Curtis Tuckey, Friday Dec 1, 2:30 PM
Josef Jurek
jurek at cs.uchicago.edu
Wed Nov 22 13:08:38 CST 2000
VoiceXML: Speech-Controlled Internet
Curtis Tuckey
Chicago Development Center
Oracle Mobile
The "voice portal" is a new kind of speech-controlled internet that has
come to some prominence in the past year, mostly due to the
standardization of "VoiceXML", a markup language for dialogs between
humans and computers. The VoiceXML effort was started at Bell Labs, and
championed by AT&T, Lucent, Motorola, and IBM through acceptance by the
W3C. I will talk about the design of VoiceXML, describe Motorola's
carrier-grade platform for voice portals, still in production, and
describe Oracle's efforts to add voice-portal capabilities to its
small-screen-device services.
Curt Tuckey manages the Chicago Development Center for Oracle Mobile,
which focuses on speech-controlled internet services.
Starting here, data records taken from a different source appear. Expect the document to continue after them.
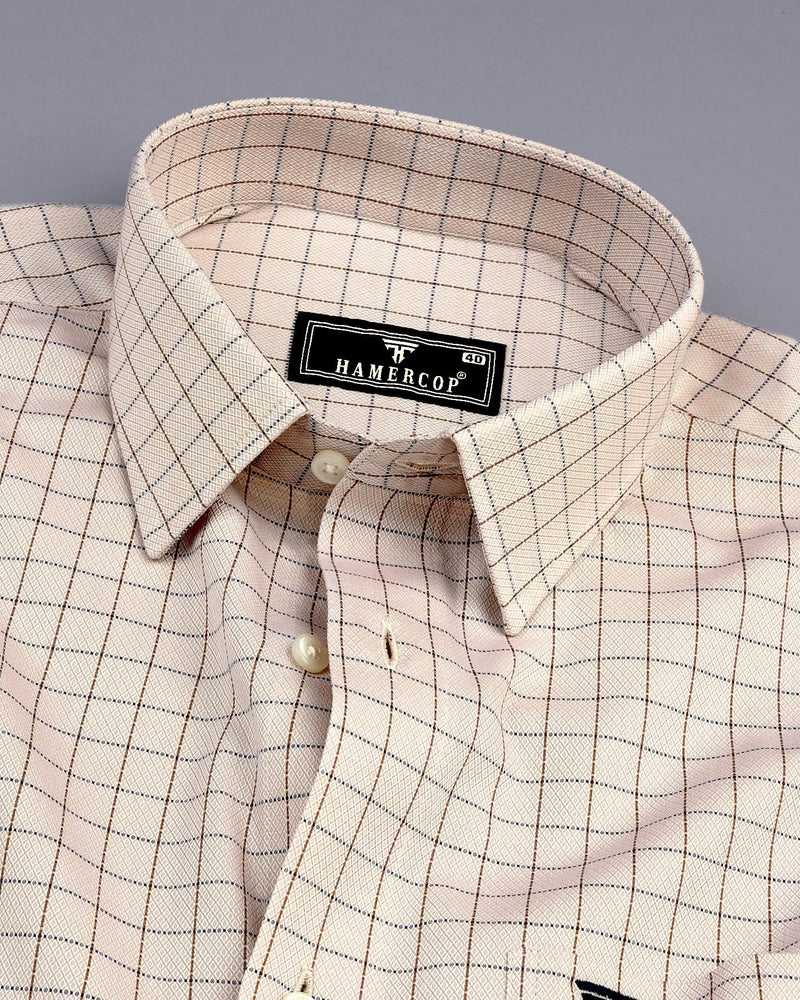 Mercey Cream Jacquard Check Premium Giza Shirt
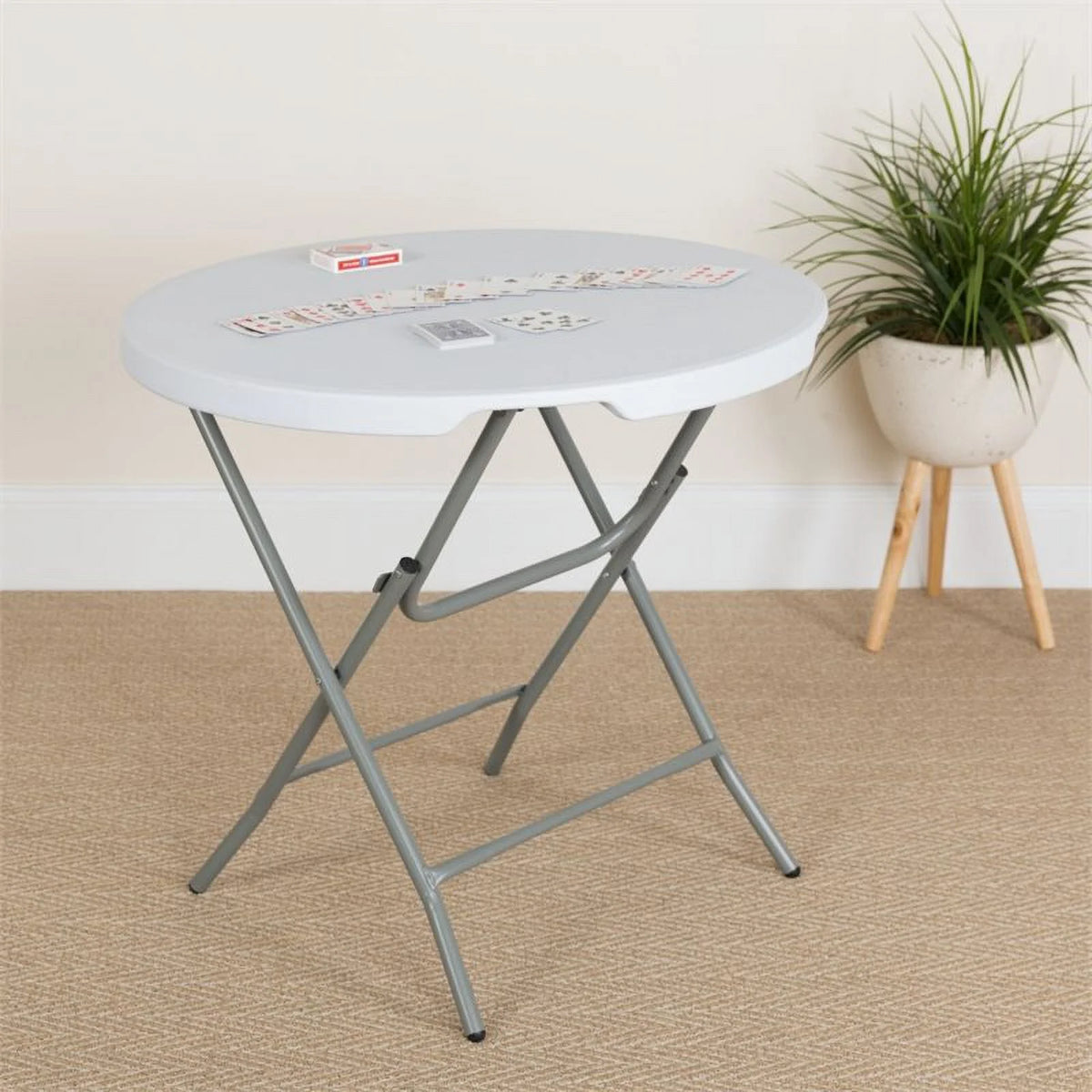 Round Granite White Plastic Folding Table W88285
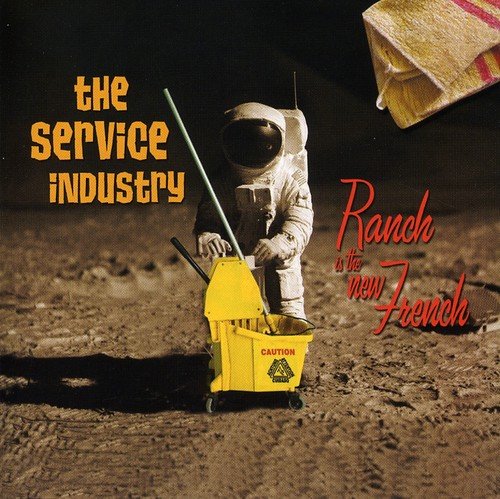 CD cover: astronaut cleaning a lunar landscape with a yellow bucket.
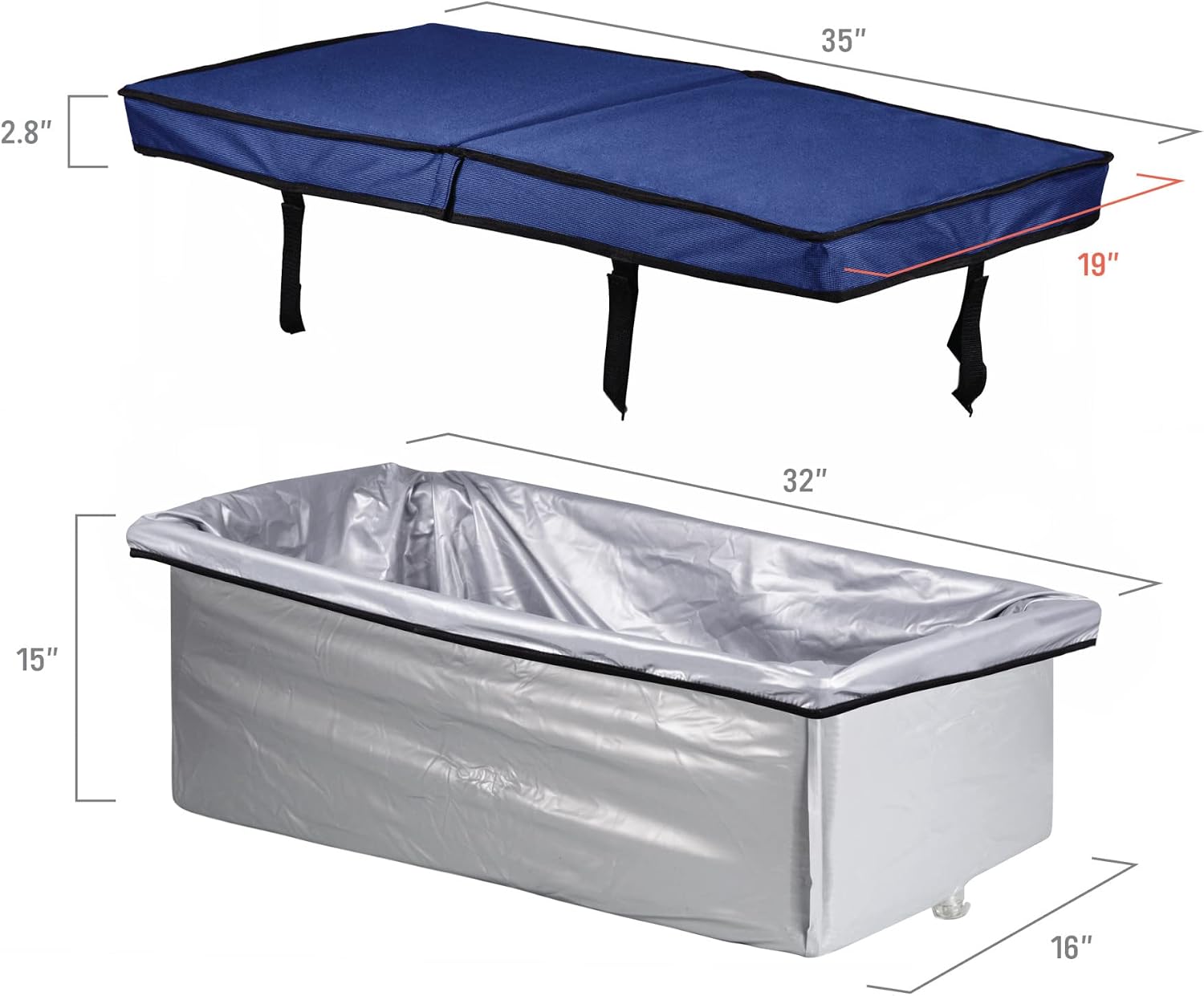 PICNIC TIME Adventure Wagon Upgrade Kit, Soft Cooler Liner for Folding Wagons, Cooler Insert with Table-top Lid for Beach Wagons
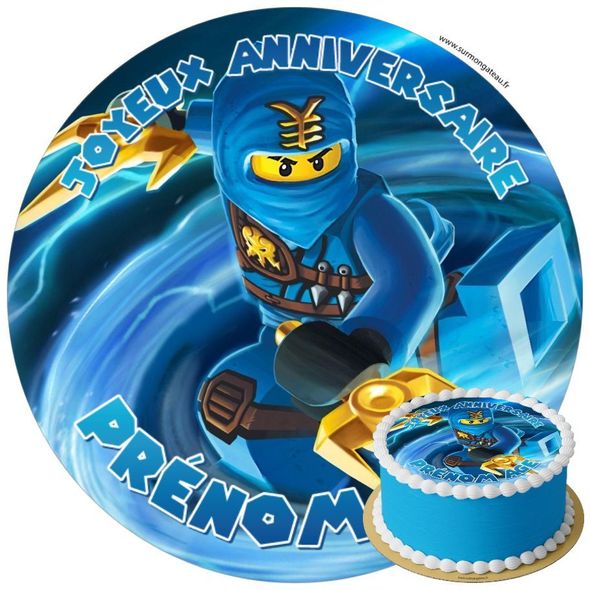 Décoration gâteau anniversaire Ninjago disque sucre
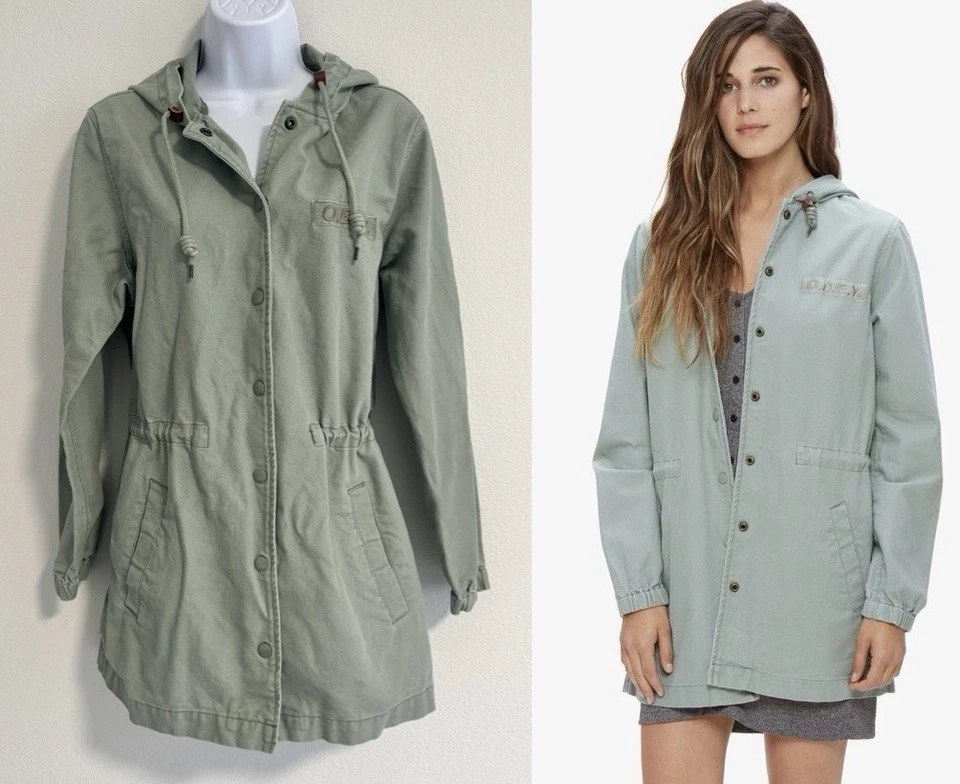 OBEY Women’s Mint Sage Green Parka Lightweight Button Down Hooded Jacket Sz M - Image 1 of 4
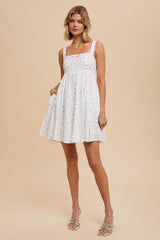 Light Pink Floral Bow Detail Mini Dress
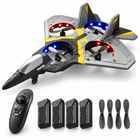 V17 Remote Control Stunt Plane; 2.4GHz Foam RC Drone; Yellow; 4battery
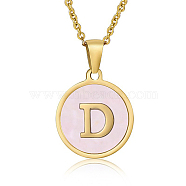 Natural Shell Initial Letter Pendant Necklace, with Golden Stainless Steel Cable Chains, Letter D, 17.72 inch(45cm)(LE4192-17)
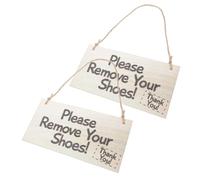 LIFKICH 2 Pièces Plaque Élégante à Suspendre pour Porte Dentrée Lot de Panneaux Style Ferme avec Inscription Veuillez Enlever Vos Chaussures Décor Mural Résistant et Facile à Installer
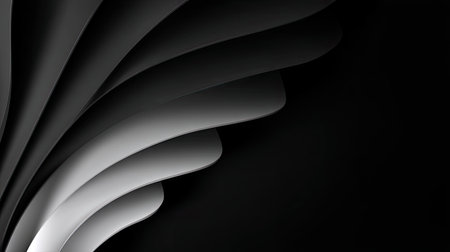 This abstract image features gracefully flowing black and white waves that create a seamless and elegant design, perfect for artistic projects or backgrounds.の素材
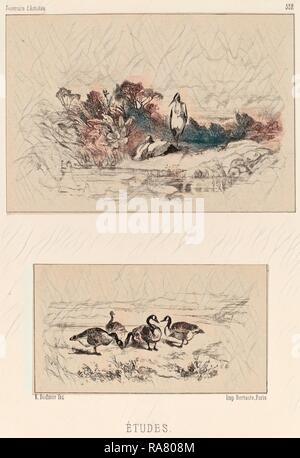 Karl Bodmer, Etudes, Svizzera, 1809 - 1893, litografia. Reinventato da Gibon. Arte Classica con un tocco di moderno reinventato Foto Stock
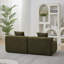 Canapé incurvé dans des salles familiales spacieuses Canapé modulaire incurvé en chenille avec 2 coussins, canapé modulaire symétrique incurvé pour chambre à coucher, salon, bureau pour les loisirs ou sieste, salle de lecture et vestibule-316512820-316512821-316512842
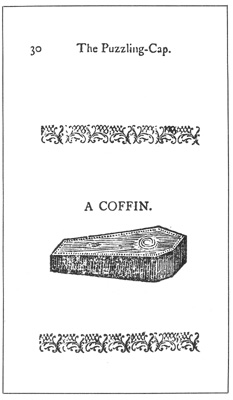Illustration of Riddle XIV in &ldquo;The Puzzling-Cap&rdquo;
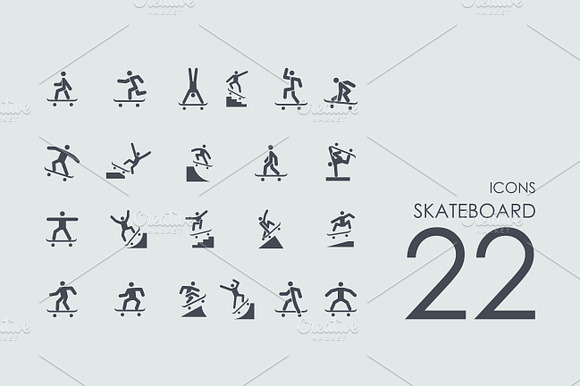 22 Skateboard Icons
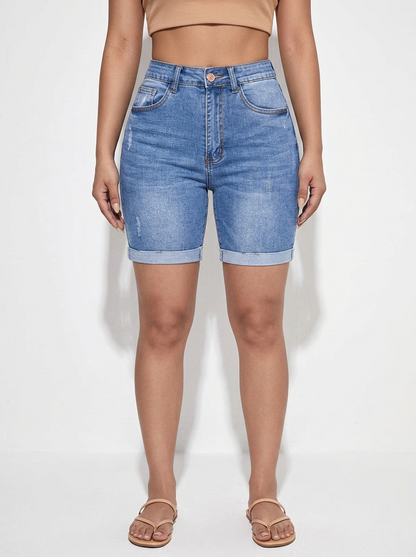 Slim Fit Denim Jeans Shorts for Women High Waist Cut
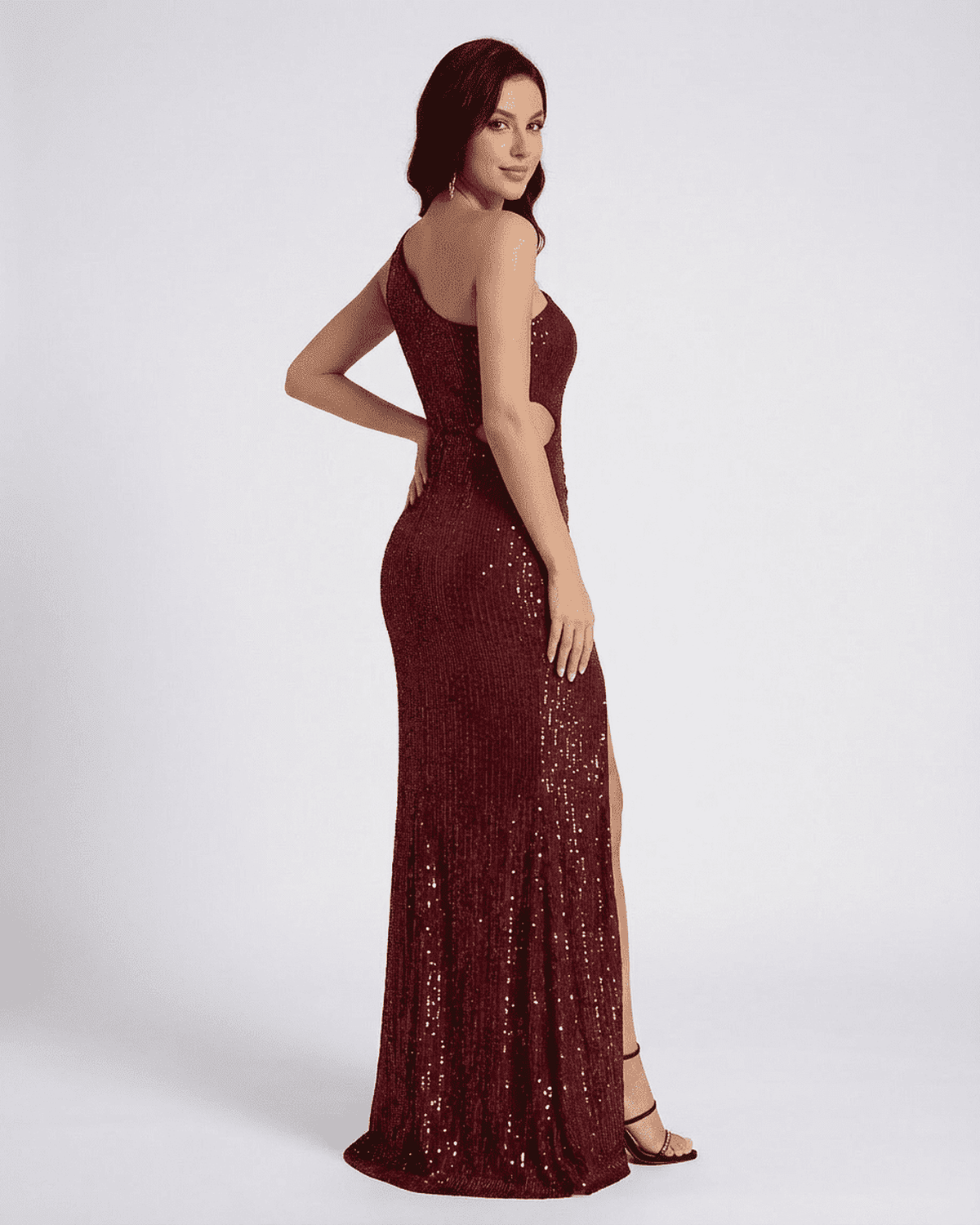 Ember Maxi Dress by Lauven, featuring sequins, one-shoulder design, and a bold thigh-high slit.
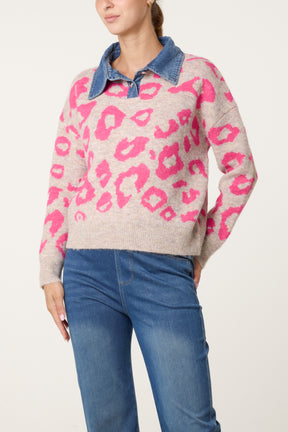 Denim Collar Animal Knit Jumper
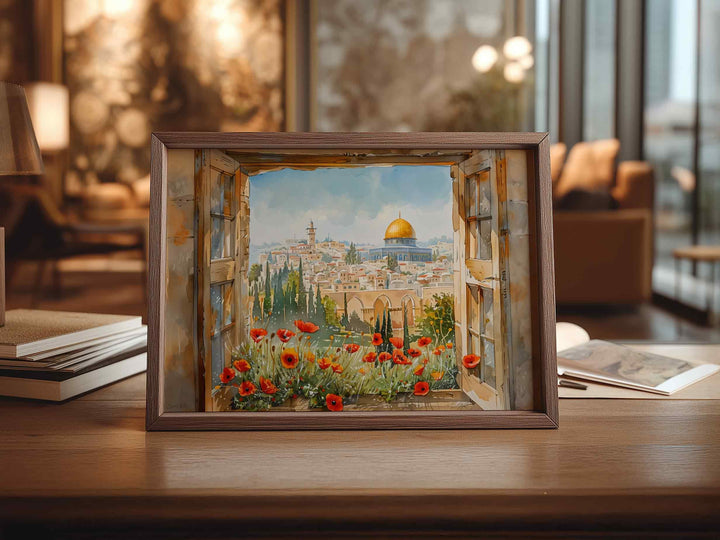 Horizontal Dome of the Rock print with gold accents for walls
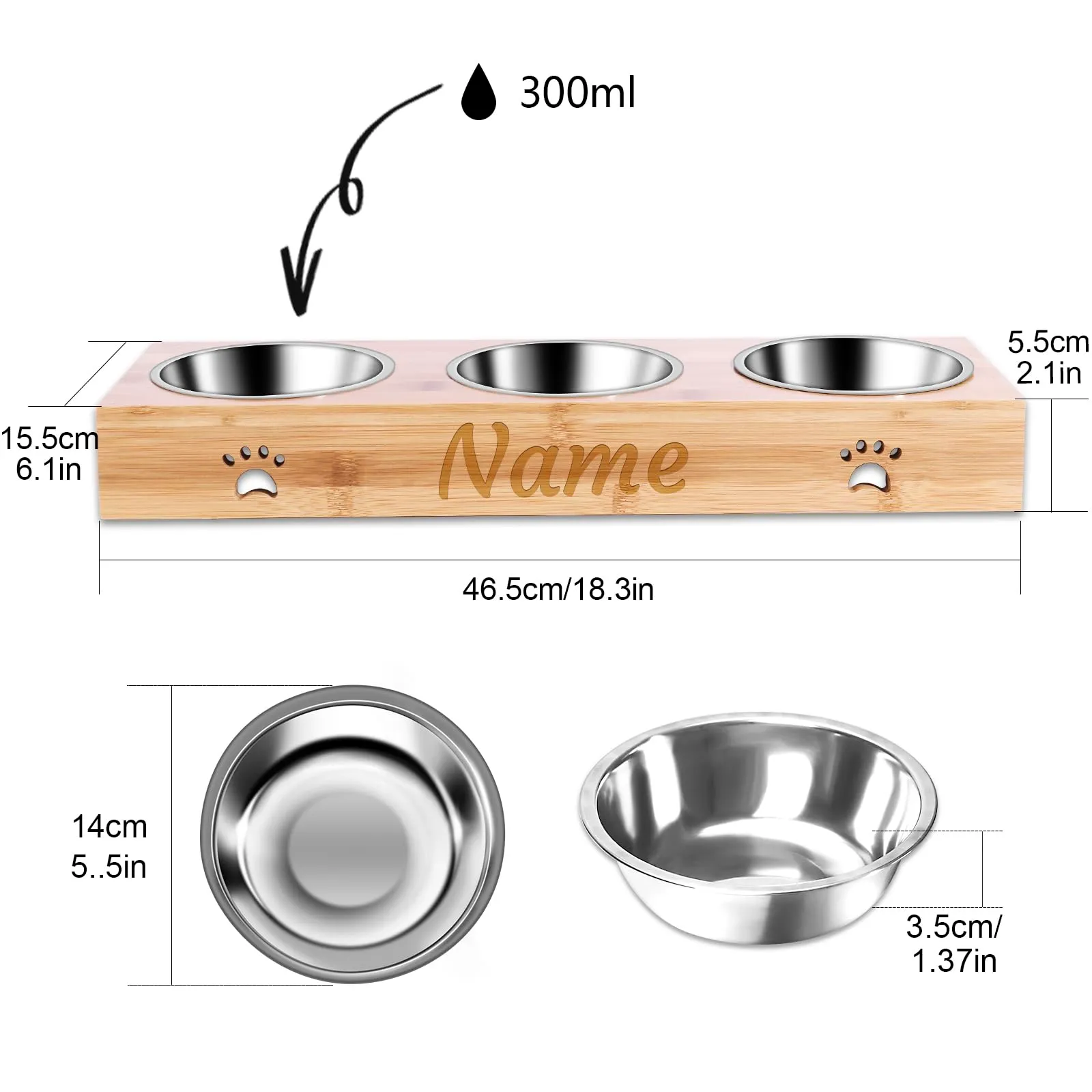 CGFN Ciotole Personalizzate per Cani e Gatti con Nome, Stazione di Alimentazione con Base in Bambù - Testo Personalizzabile (3 Ciotole) - immagine 5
From 1998 to 2000
he was an engineering manager at Motorola, responsible for application
development for Mya, the cyber assistant, and MIX, the Mobile Internet
Exchange which delivers services through voice, small-screen devices, and
graphical browsers. From 1991 to 1998 he was a member of the technical
staff of the Software and Systems Research Center at Bell Labs where,
among other projects, he worked on telephone access to the internet.